Future Medicinal Chemistry
- Discipline: Medical chemistry
- Language: English

Publication details
- History: 2009–present
- Publisher: Future Medicine Ltd
- Frequency: 24/year
- Impact factor: 4.767 (2021)

Standard abbreviations
- ISO 4: Future Med. Chem.

Indexing
- CODEN: FMCUA7
- ISSN: 1756-8919 (print) 1756-8927 (web)
- OCLC no.: 762952421

Links
- Journal homepage;

= Future Medicinal Chemistry =

Future Medicinal Chemistry is a peer-reviewed medical journal covering all aspects of medicinal chemistry, including drug discovery, pharmacology, in silico drug design, structural characterization techniques, ADME-Tox investigations, and science policy, economic and intellectual property issues.
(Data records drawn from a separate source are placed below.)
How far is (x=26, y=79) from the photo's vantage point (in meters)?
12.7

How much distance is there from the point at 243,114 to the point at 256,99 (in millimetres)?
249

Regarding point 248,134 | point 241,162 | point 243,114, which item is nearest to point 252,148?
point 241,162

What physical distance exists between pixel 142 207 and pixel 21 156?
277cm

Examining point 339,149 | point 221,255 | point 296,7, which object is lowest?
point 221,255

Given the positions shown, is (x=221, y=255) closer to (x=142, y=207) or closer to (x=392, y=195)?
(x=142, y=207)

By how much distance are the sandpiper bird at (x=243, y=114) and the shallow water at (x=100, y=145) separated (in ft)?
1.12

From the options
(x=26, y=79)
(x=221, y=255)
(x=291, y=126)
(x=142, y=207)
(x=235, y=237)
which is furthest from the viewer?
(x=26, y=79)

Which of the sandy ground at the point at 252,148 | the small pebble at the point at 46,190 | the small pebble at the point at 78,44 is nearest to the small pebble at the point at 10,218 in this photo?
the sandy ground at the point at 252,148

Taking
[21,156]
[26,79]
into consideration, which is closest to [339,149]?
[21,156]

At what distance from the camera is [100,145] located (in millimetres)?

It was established in 2009 and is published by Future Science. The editors-in-chief are Iwao Ojima (The State University of New York at Stony Brook) and Jonathan Baell (Monash University).

== Abstracting and indexing ==
The journal is abstracted and indexed by BIOSIS Previews, Chemical Abstracts, Chemistry Citation Index, Embase/Excerpta Medica, Index Medicus/MEDLINE/PubMed, Science Citation Index Expanded, and Scopus. According to the Journal Citation Reports, the journal has a 2020 impact factor of 3.808.